A chart of the US DOD plans for Afghanistan.

These guys need Tinderbox!

People are talking about Tinderbox timelines again. If you're interested in time lines, have a nice temporal visualization you’d like to share (or publicize), or have some time data you’d like to explore in Tinderbox, Email me.

Michael Ruhlman makes a home video about cooking paté a choux. (This, by the way, is a very good thing and tasty thing for you to do.)

Notice that good video is hard. We see from this example that it’s hard even if (a) you’re an experienced and excellent public speaker, (b) you’ve been on TV a lot, so you know what you’re doing, (c) your wife is a pro photographer, and (d) you’re right in the center of your comfort zone, and doing another take will cost you $5.

I really love the new typography of the Web site, incidentally, which extends nicely into the embedded video.

I’m not wild about the urge to try to reduce everything to TV. But some things are best communicated by watching. What should the dough look like? When you “stir vigorously”, does this mean “not langorously”? Or does it mean “beat the living daylights out of it?”

I just exchanged email with a Tinderbox user who’s been working with the program for years and years, and hadn’t realized that you can make a note by double-clicking where you want the note to be. Perhaps we need more video after all.

Zeldman:

Losing one’s home was a problem in 2009. Losing one’s job was a problem in 2009. Checking a website to see who liked one’s joke does not even make the top 1,000,000 problems of 2009.

We’re polishing Tinderbox 5. It’s been a lot of work. A lot.

What is a day off, anyway?

Soon.

Krugman:

Here’s the way it is: we have a real chance of getting a serious cap and trade program in place within a year or two. We have no chance of getting a carbon tax for the foreseeable future. It’s just destructive to denounce the program we can actually get — a program that won’t be perfect, won’t be enough, but can be made increasingly effective over time — in favor of something that can’t possibly happen in time to avoid disaster.
Dec 09 3 2009

Black Screen

Over Thanksgiving weekend, a little-known security company published a vague report about a Microsoft security patch that, reportedly, sometimes cause “black screen of death”. Monday, the tech press picked it up, got Microsoft to say “we’re investigating it”, and reported the investigation. Then Microsoft turned up nothing, and the tech press reported the denial. Typical Windows story.

Problem is: there was no problem. There was nothing wrong, nothing to investigate, nothing to deny. Nothing was wrong.

Our tech press is both corrupt and silly, forever chasing the expected narrative without understanding, or even trying to understand, the underlying technology. The costs to everyone are frightening.

by Toby Barlow

A terrific novel, written in blank verse, about life as a werewolf on the Los Angeles streets.
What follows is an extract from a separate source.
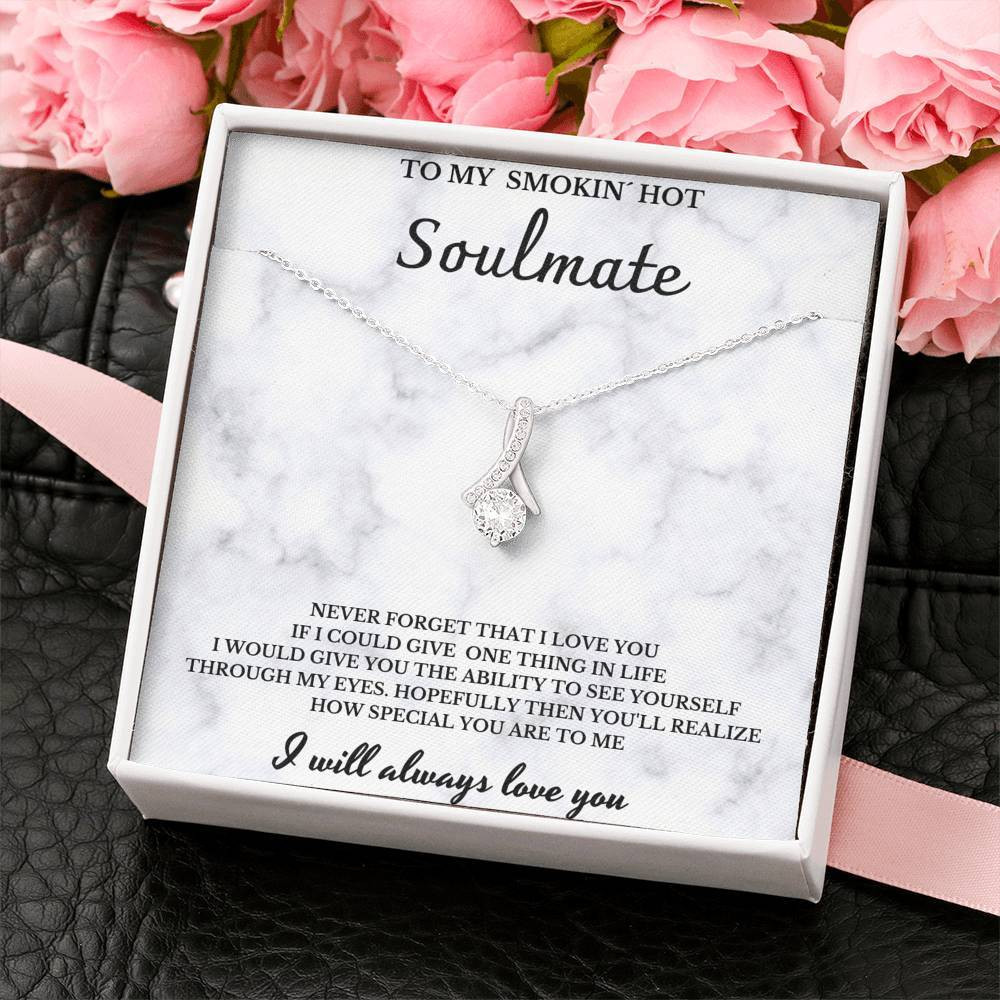 To My Smokin Hot SoulMate Alluring Necklace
Barlow asks, “What is a man?” His answer is not John Wayne’s. Barlow asks as well, “What is a dog? And why do dogs do what they do?” These dogs can be men whenever they like, and can become dogs as they please. There’s a prosperous law firm where they guys knock off work, pile into a big SUV stocked with beer and steaks, drive out into the desert, and go for a run. There’s a pack of dogs that descends on nickel-and-dime meth labs. Something is wrong at the dog pound. And then there’s Buster, who thinks of himself Lark, top dog of a top pack, who disguises himself as a lapdog to escape from a tense situation on his way to world domination, and who finds being a nice lady’s pet is pretty damn good.